### ABOUT THIS TASK
Would you please copy all of the data exactly, skipping the images?

### RECORDS TO PROCESS
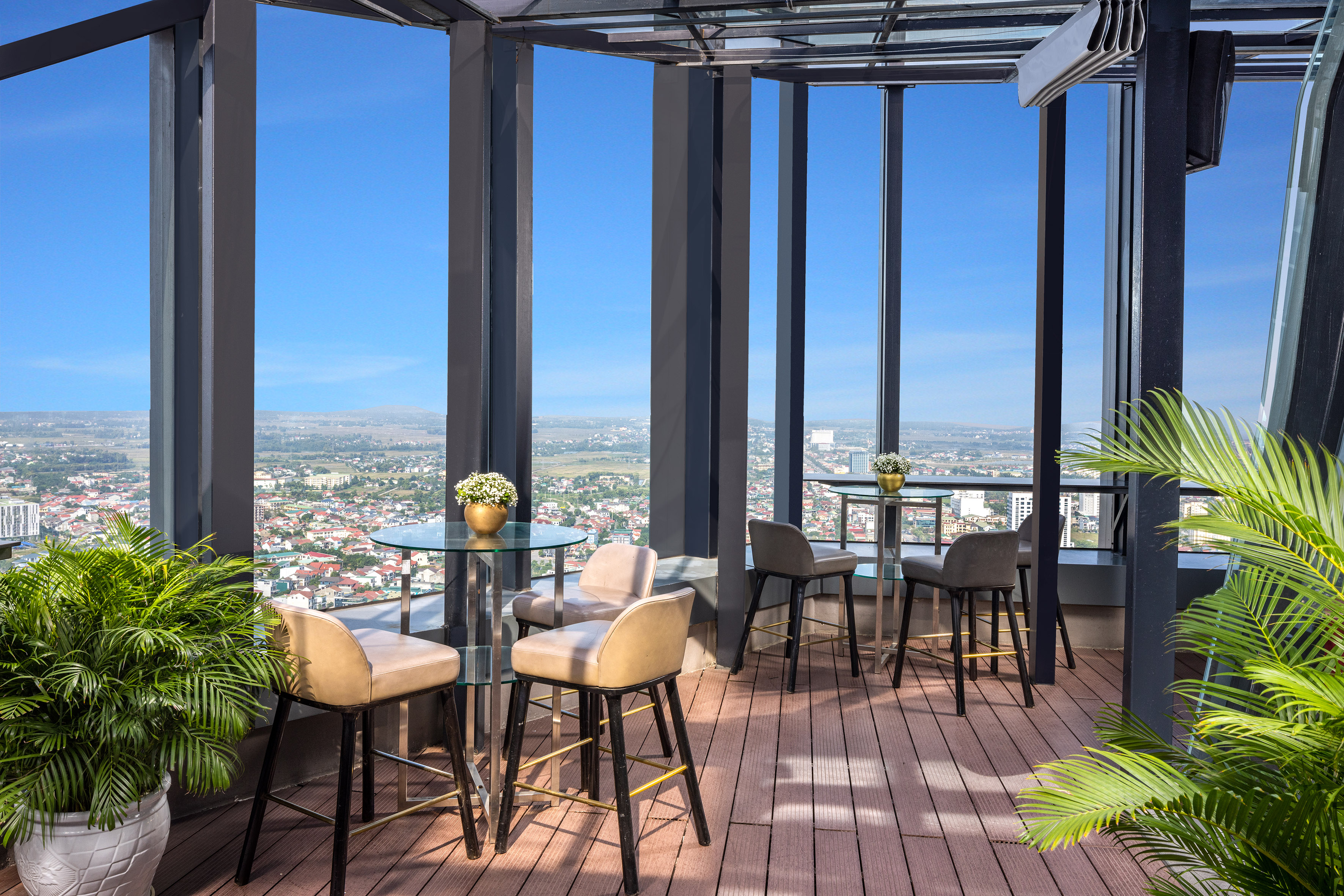 a patio with tables and chairs and a view of a city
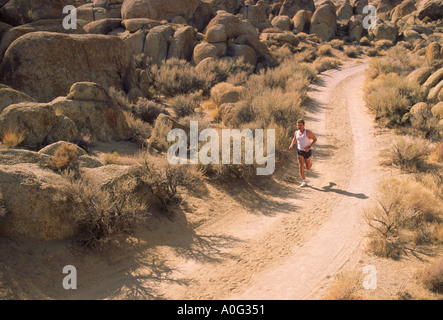 Man running on rural road in the desert Model Released Image Stock Photo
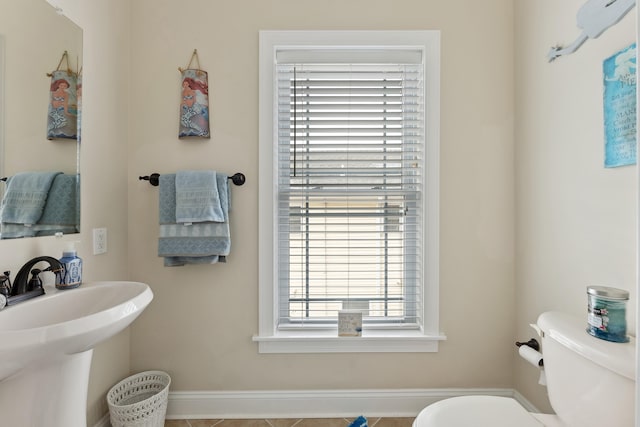 bathroom with tile patterned floors and toilet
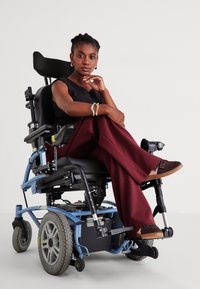 Ηλεκτρικό αναπηρικό αμαξίδιο με μπλε σκελετό και μεγάλες ελαστικές ρόδες. Χρήστης με μαύρη μπλούζα και μπορντό φαρδιά παντελόνια, καθισμένος άνετα.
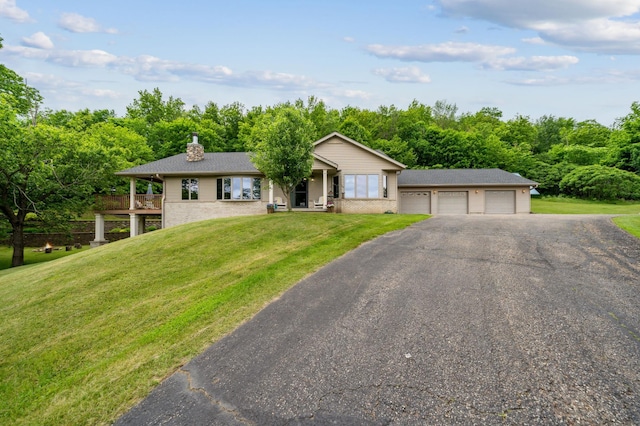 N1931 110th St, Union Twp, WI 54761 - ranch-style home featuring a front lawn, a chimney, and asphalt driveway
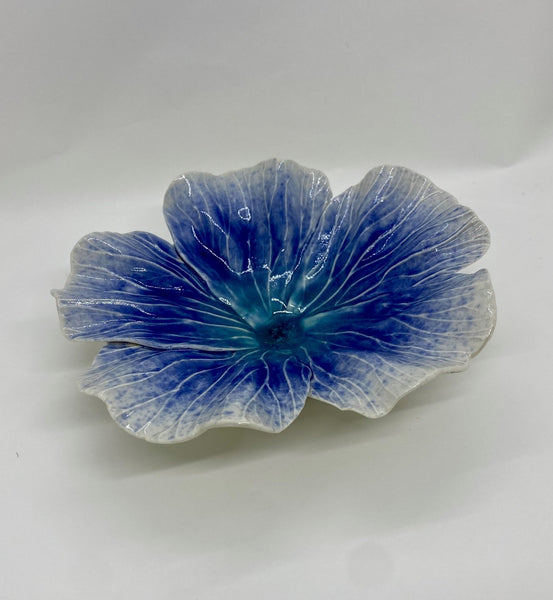 Blue ceramic flower-shaped dish on a white background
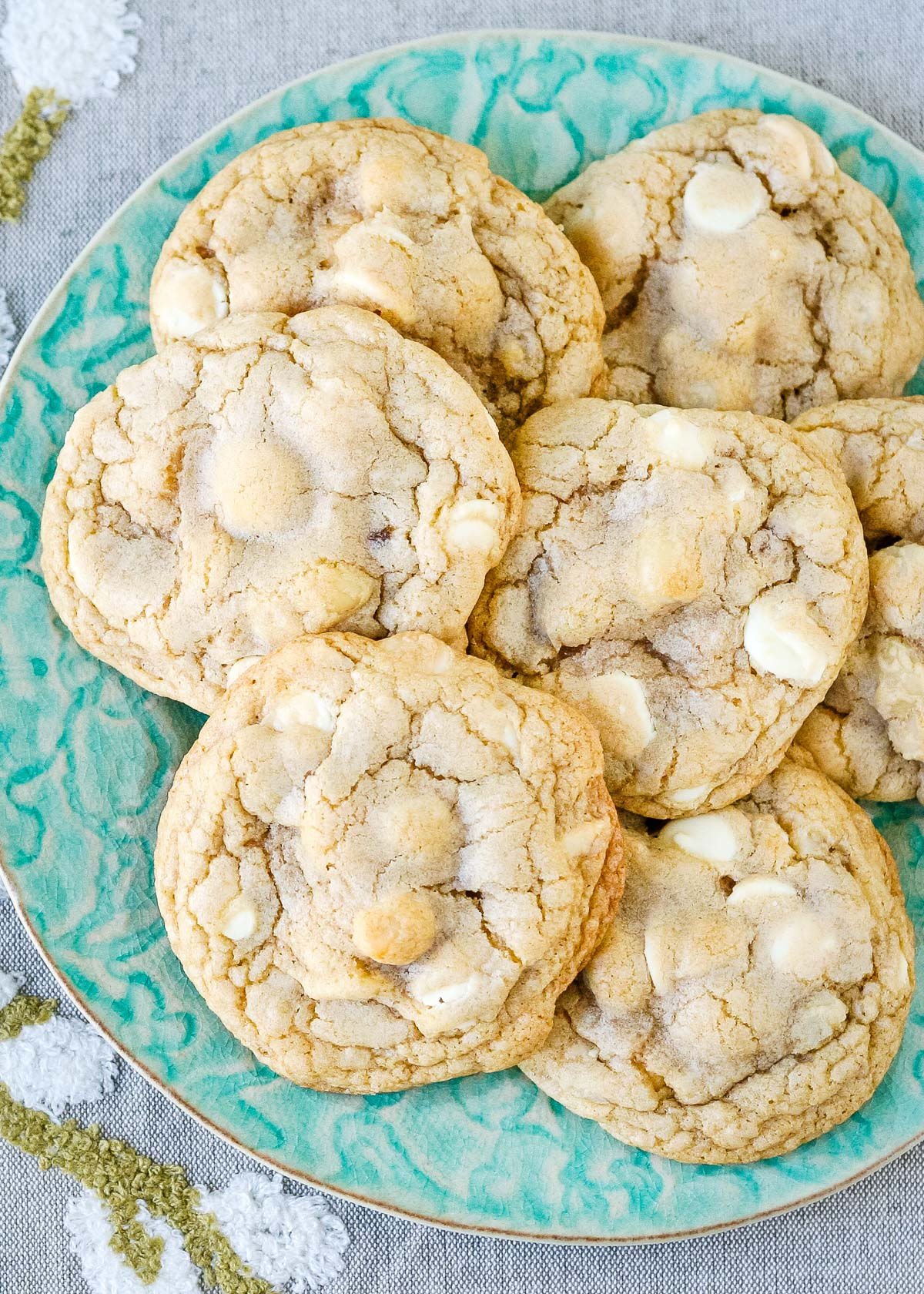 seven cookies on a light green plate top down view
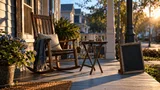 A single wooden porch rocking chair sits beside a small folding table holding a ceramic mug of coffee and a stack of coins, with a "Room for Rent" placard leaning against a nearby lamppost outside a modest house.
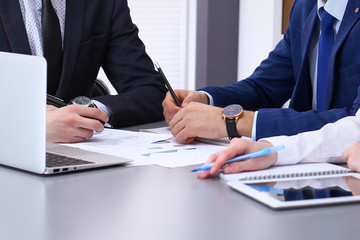 Group of businesspeople analyzing financial documents.  Business team at meeting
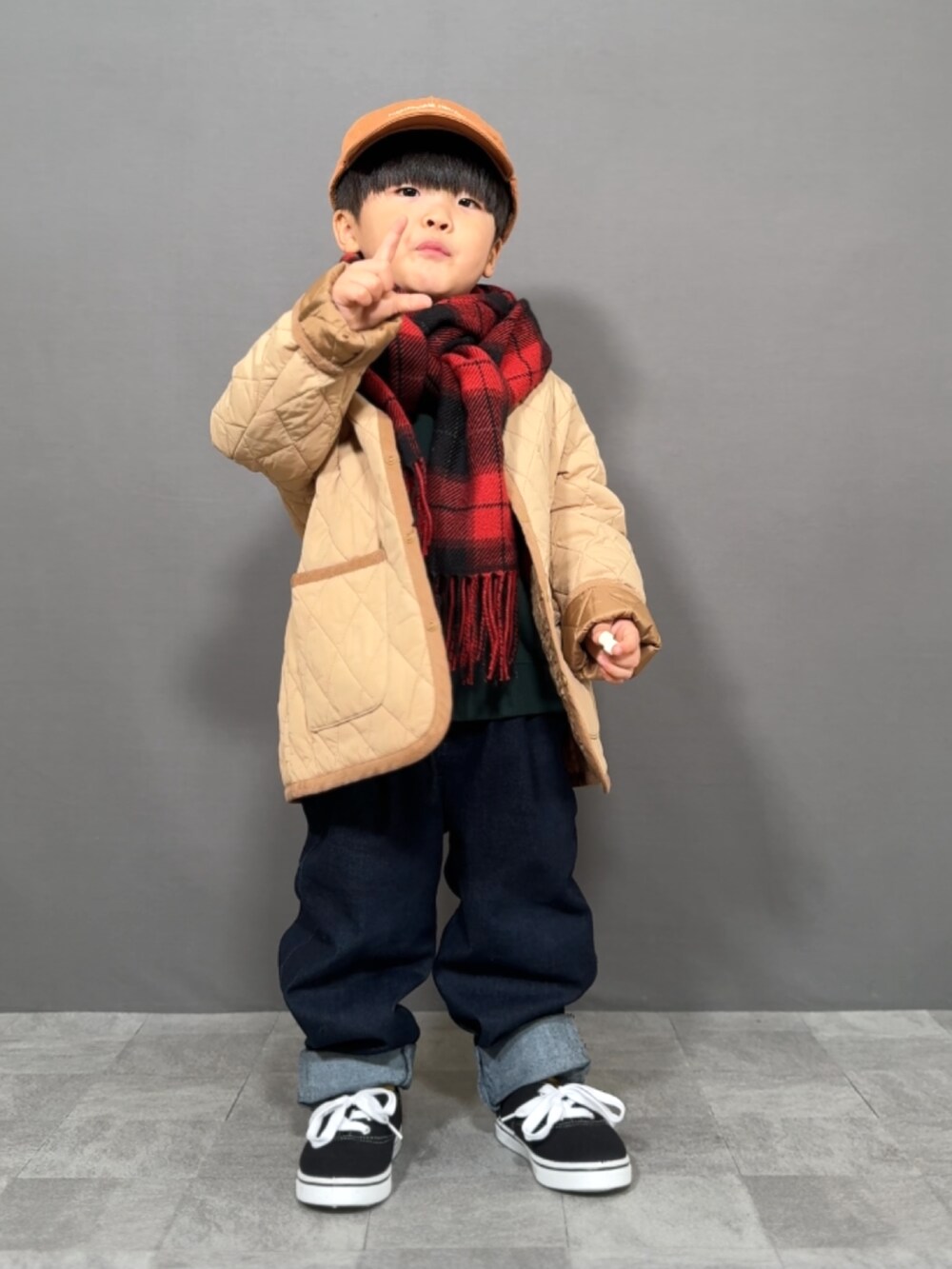 ベージュ系のジャケット/アウター、グリーン系のスウェット、ブルー系のデニムパンツを着用したキッズの冬コーディネートの3枚目の写真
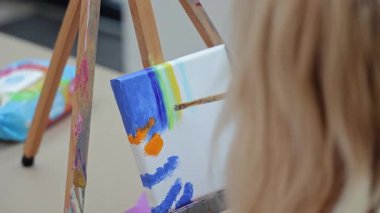 Küçük tuvale fırçayla çocuk eli boyama sehpasında, genç ressam mavi boyayla renkli ve soyut bir resim yaratıyor..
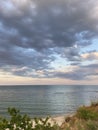 Panorama of Odessa Black Sea coast above heavy gray clouds reflected on clear water surface.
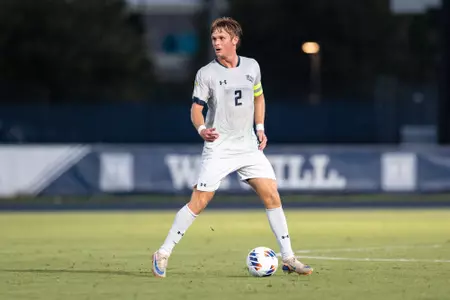 UNF Men's soccer player dribbles the ball.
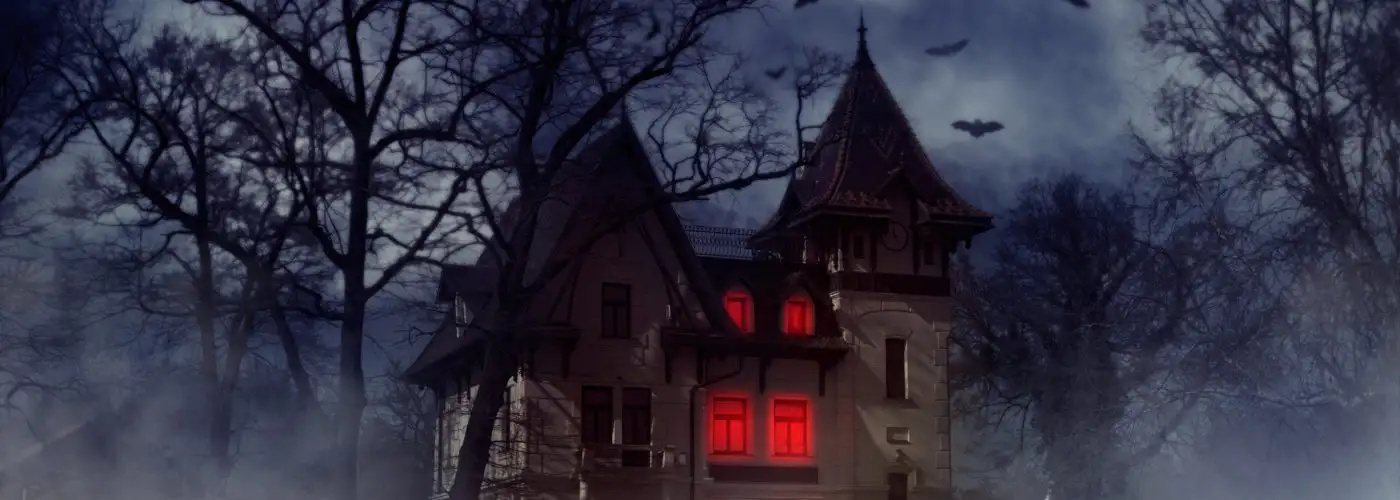 Haunted house on a hill with red lights shining inside and bats flying overhead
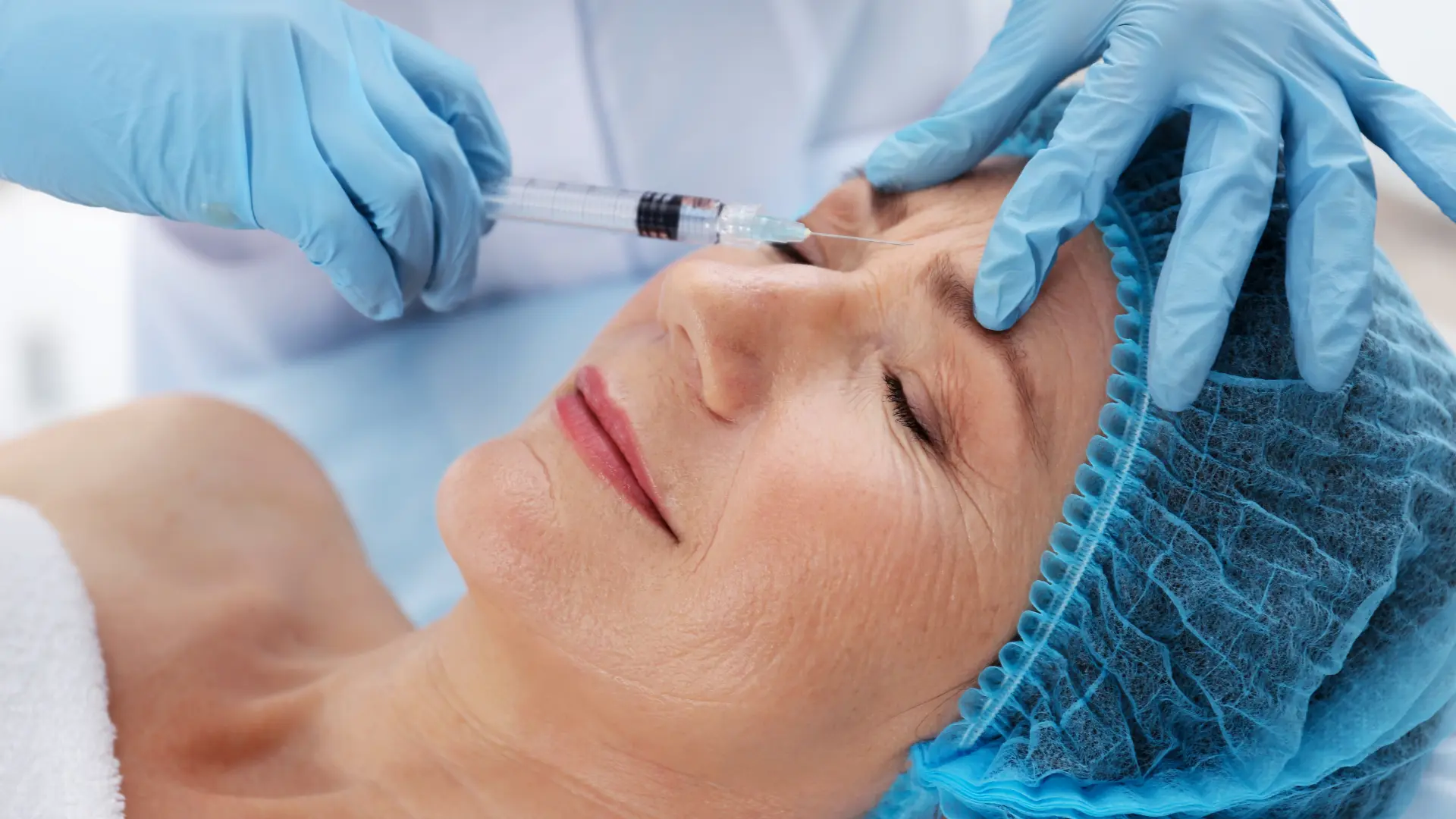 An older individual undergoing a facial injection for the visible aging signs.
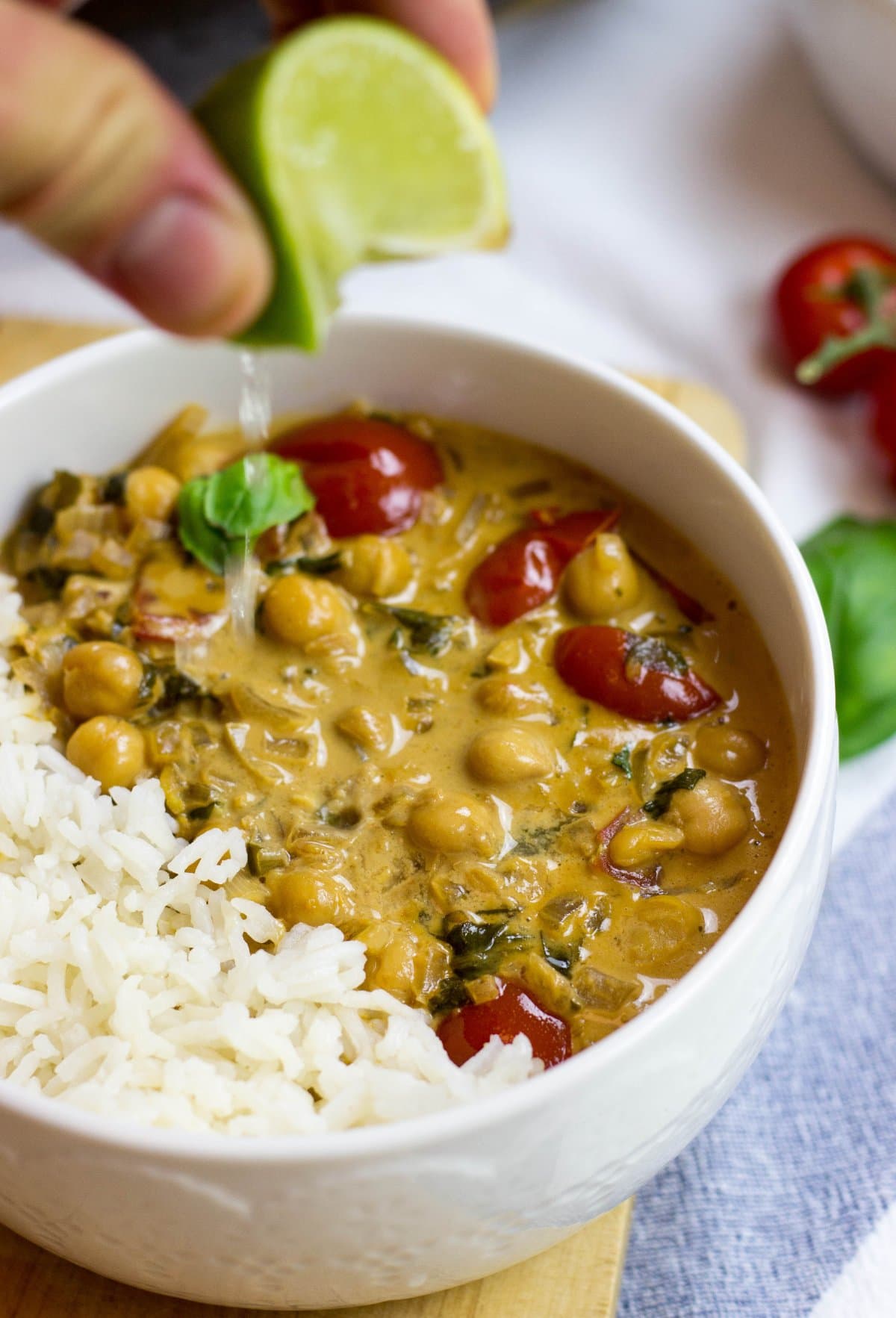 A bowl with Vegan Chickpea Curry. Someone drips lime juice for Curry | HurryTheFoodUp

### EXERCISE OUTPUT
 a patio with tables and chairs and a view of a city
 Man running on rural road in the desert Model Released Image Stock Photo
 bathroom with tile patterned floors and toilet
 Ηλεκτρικό αναπηρικό αμαξίδιο με μπλε σκελετό και μεγάλες ελαστικές ρόδες. Χρήστης με μαύρη μπλούζα και μπορντό φαρδιά παντελόνια, καθισμένος άνετα.
 N1931 110th St, Union Twp, WI 54761 - ranch-style home featuring a front lawn, a chimney, and asphalt driveway
 Blue ceramic flower-shaped dish on a white background
 seven cookies on a light green plate top down view
 A single wooden porch rocking chair sits beside a small folding table holding a ceramic mug of coffee and a stack of coins, with a "Room for Rent" placard leaning against a nearby lamppost outside a modest house.
 Group of businesspeople analyzing financial documents.  Business team at meeting
 ベージュ系のジャケット/アウター、グリーン系のスウェット、ブルー系のデニムパンツを着用したキッズの冬コーディネートの3枚目の写真
 Küçük tuvale fırçayla çocuk eli boyama sehpasında, genç ressam mavi boyayla renkli ve soyut bir resim yaratıyor..
 Panorama of Odessa Black Sea coast above heavy gray clouds reflected on clear water surface.
 UNF Men's soccer player dribbles the ball.
 Haunted house on a hill with red lights shining inside and bats flying overhead
 An older individual undergoing a facial injection for the visible aging signs.
 A bowl with Vegan Chickpea Curry. Someone drips lime juice for Curry | HurryTheFoodUp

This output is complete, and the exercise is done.